'Megachurch' Leader with White House Ties Quits, Admits Indiscretions

By Mike Sheehan
Raw Story
November 3, 2006

The leader of an influential Christian 'megachurch' who has ties to the White House has resigned his authority amid allegations that he had used drugs and had a homosexual affair with a male prostitute.

The Rev. Ted Haggard, who until Thursday was President of the National Association of Evangelicals, has apparently admitted to some of the claims made by Mike Jones, a bodybuilder and personal trainer based in Denver, Colorado.

Jones claimed Wednesday on a Colorado radio talk show that he'd had a sexual affair with a prominent pastor, but did not give names at the time. Jones and Haggard were later identified by a Denver TV news station.

Rev. Haggard, a graduate of Oral Roberts University, at first denied the charges, telling the station on Wednesday night that he'd "never had a gay relationship with anybody, and I'm steady with my wife. I'm faithful to my wife."

With scrutiny intensifying, on Thursday Haggard resigned from the evangelical association and took paid leave as senior pastor of the New Life Church in Colorado Springs. He said in a statement that he could "not continue to minister under the cloud created by the accusations" and was stepping down to let the church conduct its own investigation. The statement did not include a denial of Jones' allegations.

The Rocky Mountain News described Haggard as a "giant of the conservative Christian movement, with direct access to President Bush." In May 2005, Harper's Magazine ran a piece on Haggard reporting that the pastor talked "to President George W. Bush or his advisers every Monday." Harper's also noted that when he was asked why Bush "had not apologized for the false assertions used to justify the Iraq war, or for the dishonest smears marshaled on his campaign's behalf," Haggard replied:

    I think if you asked the President these questions once he's out of office, he'd say, 'You're right. We shouldn't have done it.' But right now if he said something like that, well, the world would spin out of control! ... Listen, I think [we Christian believers] are responsible not to lie, but I don't think we're responsible to say everything we know.
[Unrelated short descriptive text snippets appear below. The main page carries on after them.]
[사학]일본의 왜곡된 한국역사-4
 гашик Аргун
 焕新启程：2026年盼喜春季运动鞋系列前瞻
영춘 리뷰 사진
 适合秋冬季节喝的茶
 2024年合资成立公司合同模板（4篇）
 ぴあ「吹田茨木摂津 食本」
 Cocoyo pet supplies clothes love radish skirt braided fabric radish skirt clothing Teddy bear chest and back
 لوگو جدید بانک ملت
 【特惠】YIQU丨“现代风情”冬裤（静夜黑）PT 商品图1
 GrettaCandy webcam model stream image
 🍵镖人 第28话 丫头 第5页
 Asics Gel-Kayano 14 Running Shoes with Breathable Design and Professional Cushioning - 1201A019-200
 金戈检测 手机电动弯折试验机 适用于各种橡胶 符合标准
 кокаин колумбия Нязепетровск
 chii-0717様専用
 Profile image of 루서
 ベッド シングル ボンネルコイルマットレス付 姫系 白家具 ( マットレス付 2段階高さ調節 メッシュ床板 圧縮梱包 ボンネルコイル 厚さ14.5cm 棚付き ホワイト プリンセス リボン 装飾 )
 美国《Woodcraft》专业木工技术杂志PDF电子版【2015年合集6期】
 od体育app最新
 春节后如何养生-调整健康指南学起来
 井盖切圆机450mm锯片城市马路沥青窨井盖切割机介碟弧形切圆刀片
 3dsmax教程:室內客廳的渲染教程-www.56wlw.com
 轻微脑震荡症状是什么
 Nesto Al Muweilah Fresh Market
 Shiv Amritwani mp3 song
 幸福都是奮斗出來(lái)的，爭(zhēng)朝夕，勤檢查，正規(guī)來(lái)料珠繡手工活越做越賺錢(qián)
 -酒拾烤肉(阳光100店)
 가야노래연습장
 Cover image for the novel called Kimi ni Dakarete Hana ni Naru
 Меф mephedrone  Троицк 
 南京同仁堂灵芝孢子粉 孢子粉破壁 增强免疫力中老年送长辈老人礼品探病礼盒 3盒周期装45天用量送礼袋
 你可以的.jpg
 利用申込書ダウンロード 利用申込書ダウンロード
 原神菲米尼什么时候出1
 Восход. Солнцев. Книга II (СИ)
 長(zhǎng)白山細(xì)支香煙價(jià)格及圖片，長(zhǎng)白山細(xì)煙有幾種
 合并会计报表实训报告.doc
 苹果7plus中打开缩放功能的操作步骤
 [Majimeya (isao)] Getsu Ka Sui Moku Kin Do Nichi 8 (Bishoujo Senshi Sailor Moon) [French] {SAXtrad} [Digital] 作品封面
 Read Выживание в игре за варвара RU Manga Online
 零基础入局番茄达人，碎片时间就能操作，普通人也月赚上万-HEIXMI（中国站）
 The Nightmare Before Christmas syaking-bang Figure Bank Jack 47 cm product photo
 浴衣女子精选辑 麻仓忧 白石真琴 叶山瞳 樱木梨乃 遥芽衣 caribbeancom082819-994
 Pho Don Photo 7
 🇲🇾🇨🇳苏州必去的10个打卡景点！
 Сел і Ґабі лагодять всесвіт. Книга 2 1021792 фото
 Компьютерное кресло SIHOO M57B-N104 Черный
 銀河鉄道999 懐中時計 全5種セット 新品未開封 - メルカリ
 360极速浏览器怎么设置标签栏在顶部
US News & World Report revealed on July 20, 2005 that Haggard received a call from the White House just before the announcement that Judge John Roberts would be nominated by President Bush to the Supreme Court. Haggard "was given an indication that Roberts 'would have respect for precedent but that precedent would not have the same weight as the Constitution itself,' perhaps signaling the nominee's stance on [Roe v. Wade]."

On Thursday afternoon, the Rev. James Dobson, head of the rival conservative Christian organization Focus on the Family, also based in Colorado Springs, issued a press release supporting Haggard and condemning news reports, stating:

    It is unconscionable that the legitimate news media would report a rumor like this based on nothing but one man's accusation. Ted Haggard is a friend of mine and it appears someone is trying to damage his reputation as a way of influencing the outcome of Tuesday's election -- especially the vote on Colorado's marriage-protection amendment -- which Ted strongly supports.

Haggard's own stance on homosexuality is somewhat at odds with the often virulent intolerance exhibited by some conservative Christian organizations. In 2004, Haggard told The Kansas City Star, "People know that a homosexual couple ... can go to an evangelical church and receive ministry and help."

As of Friday morning, Haggard was still pictured at the main page of the National Association of Evangelicals website (cached here), and still shown on the site of the New Life Church. His personal site also makes no mention of the ongoing situation.